Sleep is very important to human health. In order for researchers to properly study sleep they need to be able to accurately measure when people fall asleep and wake up. Research has been challenging "due to the lack of naturalistic data capture alongside accurate annotation. If data science could help researchers better analyze wrist-worn accelerometer data for sleep monitoring, sleep experts could more easily conduct large-scale studies of sleep, thus improving the understanding of sleep's importance and function." (Esper et al., 2023). Consumers could also benefit by being able to track their own sleep habits with a cheap wearable device.

## Deliverables
 * A model that takes in wrist-worn accelerometer data and predicts when sleep onset and wakeup times are located.
 * A report and slide deck outlining process, outcomes, and recommendations

## Stakeholders
Researchers who study sleep and companies who would like to use accelerometer data to track sleep to help people improve their health.


## Proposed solution: 
A deep learning model that takes in accelerometer data and outputs predicted "onset" and "wakeup" events along with confidence scores between 0 and 1. We treat this as a segmentation problem, segmenting out the sleep period from the awake period while also predicting the transition time. 

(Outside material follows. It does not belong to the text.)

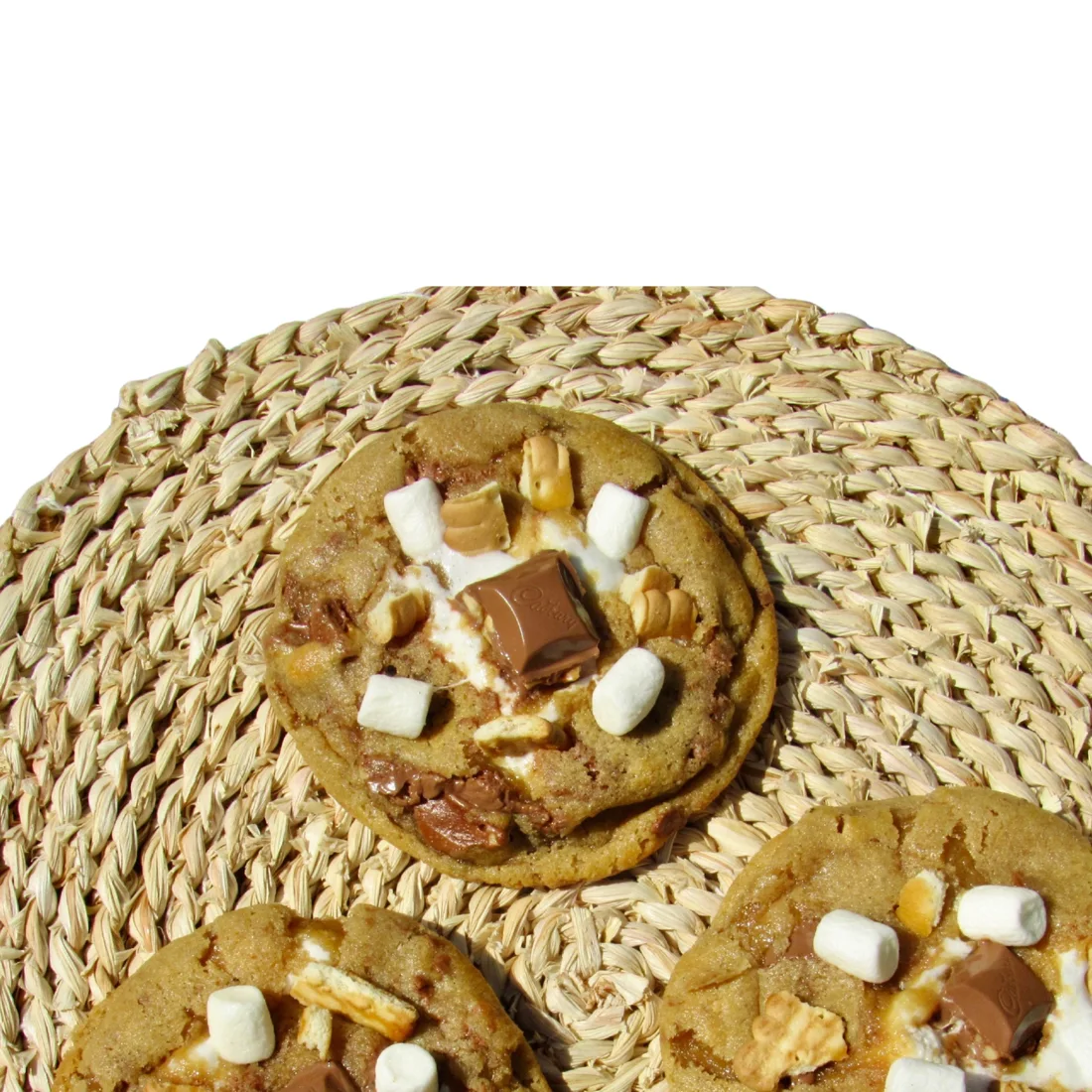 Three s'mores cookies on a woven placemat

Baseline solution started with code from this repo under an MIT license: https://github.com/tubo213/kaggle-child-mind-institute-detect-sleep-states/tree/main

### Recommendations
1) Use these predictions to automatically annotate sleep onset and wake-up times.
2) Utilize these annotations in the context of studying sleep and its overall health effects.
3) Apply the annotations in a business context to help individuals understand their own sleep patterns and how they affect their health. 

## Methodology overview 

### Model description

 * **Model inputs** Multi-day accelerometer data in 5 second steps.can.

 * **Model outputs** A list of time steps and probabilities that they contain an "onset" or "wakeup" events
 
### Metric
Submissions are evaluated on the average precision of detected events, averaged over timestamp error tolerance thresholds, averaged over event classes.

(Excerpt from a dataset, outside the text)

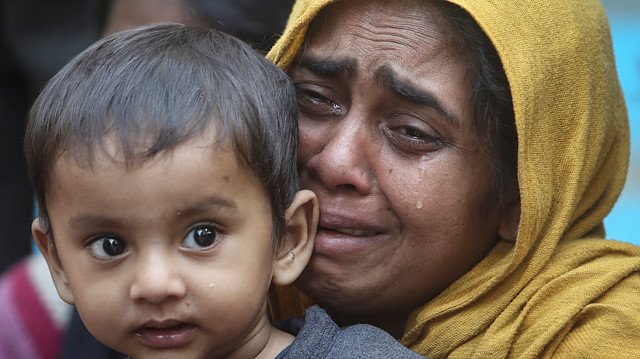 A Rohingya Muslim woman cries as she holds her daughter after they were detained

Detections are matched to ground-truth events within error tolerances, with ambiguities resolved in order of decreasing confidence. For both event classes, we use error tolerance thresholds of 1, 3, 5, 7.5, 10, 12.5, 15, 20, 25, 30 in minutes, or 12, 36, 60, 90, 120, 150, 180, 240, 300, 360 in steps.

#### **Detailed Description**

**Evaluation proceeds in three steps:**

**Assignment** - Predicted events are matched with ground-truth events.

**Scoring** - Each group of predictions is scored against its corresponding group of ground-truth events via Average Precision.

**Reduction** - The multiple AP scores are averaged to produce a single overall score.

**Assignment**

For each set of predictions and ground-truths within the same event x tolerance x series_id group, we match each ground-truth to the highest-confidence unmatched prediction occurring within the allowed tolerance.

Some ground-truths may not be matched to a prediction and some predictions may not be matched to a ground-truth. They will still be accounted for in the scoring, however.

**Scoring**

Collecting the events within each series_id, we compute an Average Precision score for each event x tolerance group. The average precision score is the area under the precision-recall curve generated by decreasing confidence score thresholds over the predictions. In this calculation, matched predictions over the threshold are scored as TP and unmatched predictions as FP. Unmatched ground-truths are scored as FN.

**Reduction**

The final score is the average of the above AP scores, first averaged over tolerance, then over event.


### Data 
The dataset comprises about 500 multi-day recordings of wrist-worn accelerometer data annotated with two event types: onset, the beginning of sleep, and wakeup, the end of sleep. 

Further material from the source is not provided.